The Week That Was

A doll, a TV star and a headline-grabber

The wonderful world of Shane Warne, some reptiles, lawsuits, and rocks thrown at Australians



Shane Warne: never too far from the headlines © Getty Images
Warnie takes over from Boonie
This has nothing to do with the beer-drinking record that David Boon set on a flight from Sydney to London (he downed 52 cans) but rather one of Australia's most successful marketing campaigns.
Warne will have his image cast into a 12 cm plastic figurine which will be sold with slabs of VB beer from December. Like the Boonie figurine, the Warnie will emit any of 60 pre-recorded phrases to coincide with the coverage of matches throughout 2006-07. Warne recently spent four hours in a London studio recording the phrases, but admitted the marketers overlooked most of the ones he came up with. Now that's plain rude.
Warne the impersonator
Our beloved Shane has also been slotted as a special guest on the October 14 finale of the sitcom Kath & Kim. He plays Wayne, a Shane Warne impersonator who woos cricket-loving Sharon Strzelecki. Magda Szubanski, who plays Sharon, said she found Warne very charming while he was on the set.
The Jemima googly
Woman's Day "revealed" that it was Warne's affair with Jemima Khan that thwarted his most recent attempt to reconcile with his ex-wife, Simone Callahan. In an uncharacteristic move, Warne, for once, played spoilsport: "There's absolutely no truth in that one whatsoever," he told reporters in Melbourne.

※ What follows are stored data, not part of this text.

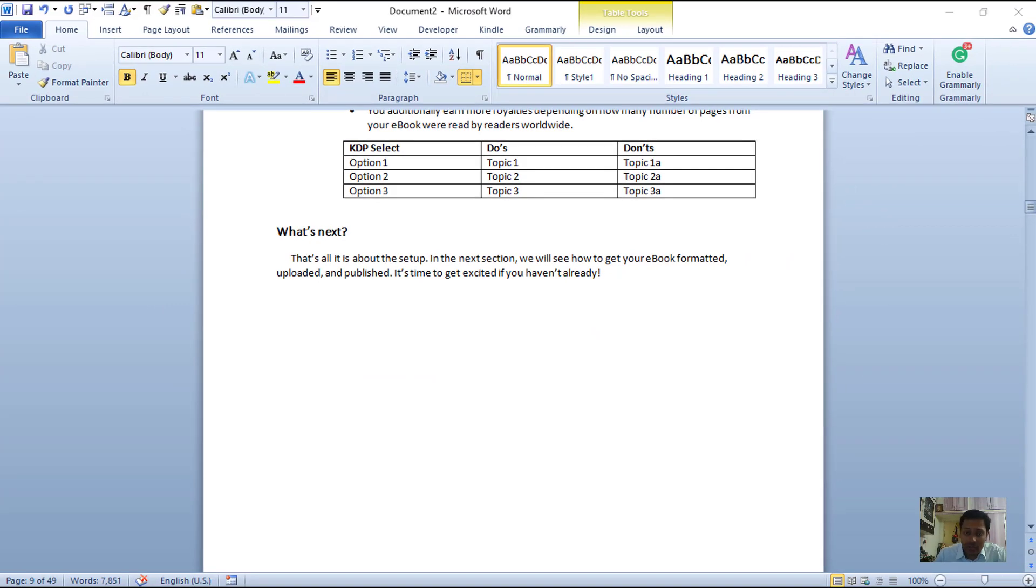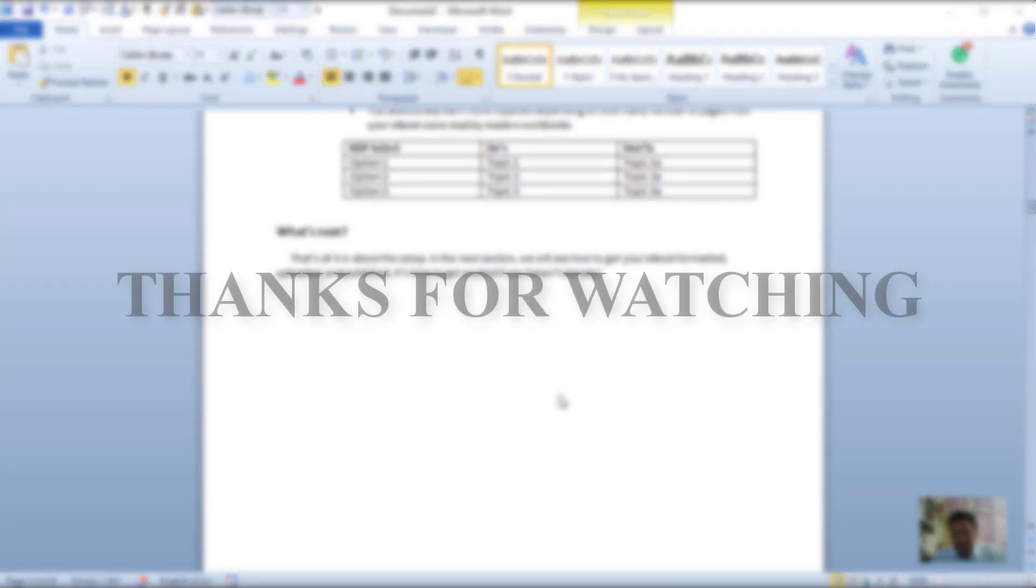This way you can find all the tables in Word regardless of which version of Word you use. Thanks for watching.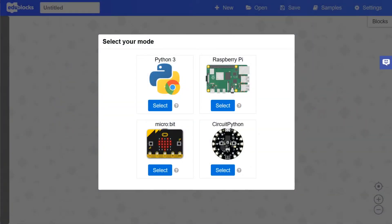Hello and welcome to this video where we will be taking a look at how to make a question program within the Python 3 mode.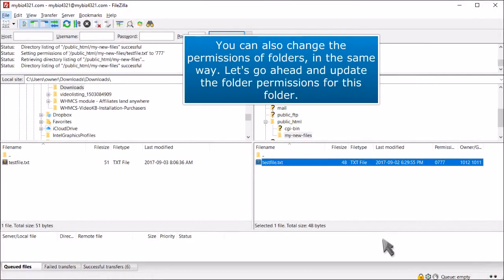You can also change the permissions of folders in the same way. Let's go ahead and update the folder permissions for this folder.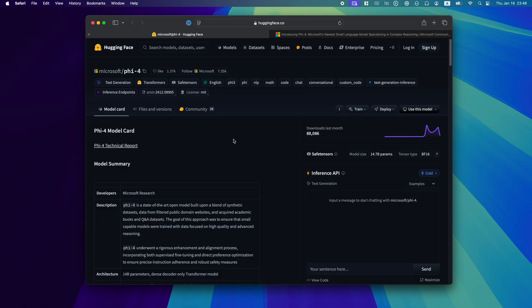To showcase its reasoning abilities, we've picked three challenging prompts from the local Llama subreddit. These puzzles are notorious for stumping many models, but PHY-4 handles them effortlessly.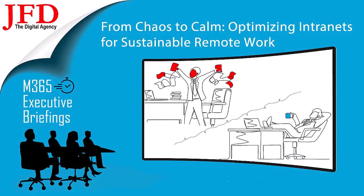Welcome to another JFD Executive Briefing. Our goal is to provide technology strategies to help Microsoft 365 tenants solve emerging issues and optimize their ROI.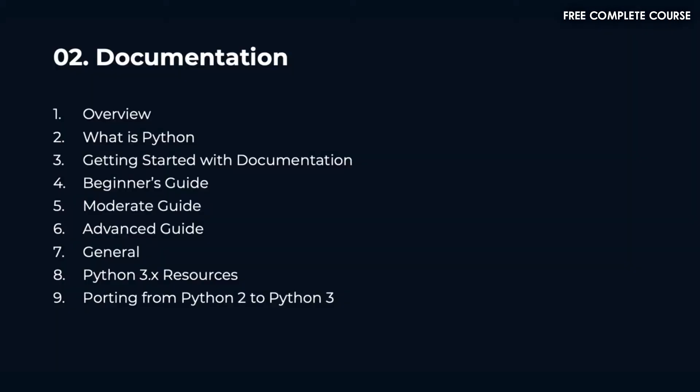In section 2 we'll talk about documentation. We'll cover what is Python, getting started with documentation, beginner's guide, moderate guide, advanced guide, general topics, Python 3.x resources, and porting from Python 2 to Python 3.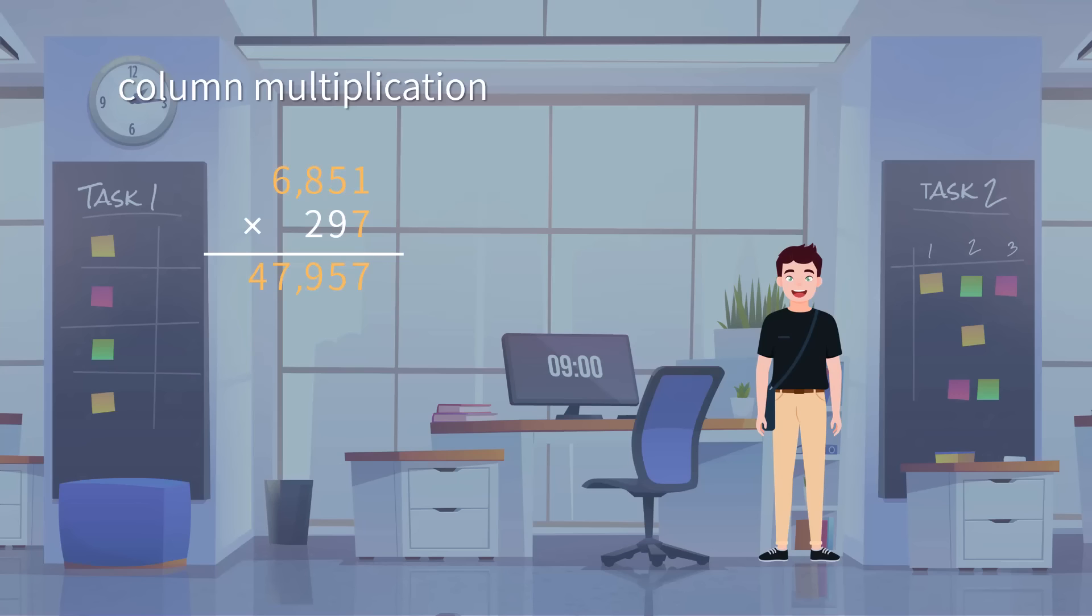Next, we move 9 to the left of 7 on tens place and the multiplication of 6,851 times 9 gives 61,659. Remember, we should also write down the first digit of the product on the tens place.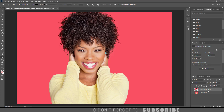After converting the layer to a smart object, duplicate the layer two more times by pressing Ctrl J on Windows or Command J on a Mac. Double click on the title of the first layer and rename it to final. Rename the second layer outline. Rename the third layer main.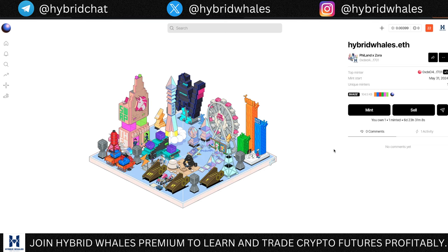That's all you need to do to qualify for the Fileland airdrop. Because we've now also created an NFT collection on Zora, we're also going to be qualifying for the Zora airdrop — so this is like hitting two birds with one stone.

Paul Collingwood: anyone for wildlife? © Getty Images
And now for the more run-of-the-mill happenings of the week
Flagging off
A Jalandhar-based lawyer has filed a complaint against the Indian team for "disrespecting" the national flag after they won the World Twenty20. The Flag Act of 1871 has been used for reference. The non-existent Joblessness Act of 1844 hasn't been evoked yet.
Colly and the snakepit
Collingwood and three other members of the England squad in Sri Lanka were left stunned by a two-metre long reptile that crossed their path on the way back to the team hotel. Colly, never one to complain, laughed it off with: "To be honest, we've all been blown away by the fantastic wildlife we've seen." The snakes, it is rumoured, might share the sentiment.
Journos take on Pope
Not the Pope but Philip Pope, the Australian media manager. More than a hundred members of the Indian media were left fuming when Pope announced after the ODi in Hyderabad that a press conference wouldn't begin until the Australian journalists arrived. This was a good 20 minutes after the conclusion of the game, which is when press conferences customarily begin. Ever heard of deadlines, Philip?
I am a rock
More from Hyderabad. A projectile was thrown through the window of the Australian team bus as they made their way back to the hotel. Sources close to the team said a boy launched the projectile from a hiding spot at the side of the road, the Sydney Morning Herald reported. No boys, or journalists, were pulled up.


A film based on Hansie Cronje's life is set to hit the screens soon © Getty Images
Internet headaches
The ICC's Anti-Corruption and Security Unit (ACSU) officer needed to keep a vigilant eye on the team dressing rooms during the recent Karachi Test between Pakistan and South Africa. The problem arose, according to the Dawn, because of the availability of wi-fi internet access in all parts of the stadium.
Lt Col Nuruddin Khawaja needed to keep an eye on the two dressing rooms as the rules don't allow either the players or the officials to use laptops in their dressing rooms during the course of an international match. One man's boon is another's headache.
Hansie recalled
A film based on the life of Hansie Cronje is currently being produced by the late South African's screenwriter brother, Frans. "This film is not just about cricket, it's about redemption," said Frans in the Independent. "In the end, Hansie found redemption and was able to rebuild his life."
The spectacle of the Bulls
Queensland Bulls are experimenting with special pairs of glasses that have had their bottom halves blacked out, and others that have been blurred in a bid to sharpen batsmen's focus and concentration skills, the Courier Mail reports. What next? Australian batsmen practising blindfolded? Cricketers wearing ear-plugs at nets? At this rate one might even imagine the day when someone gets an Aussie cricketer to shut his mouth.
Quote-hanger
"With all this sledging, you'd think cricket was a game played in Antarctica."
- The Times of India's Bachi Karkaria on the verbal wars during the India-Australia series.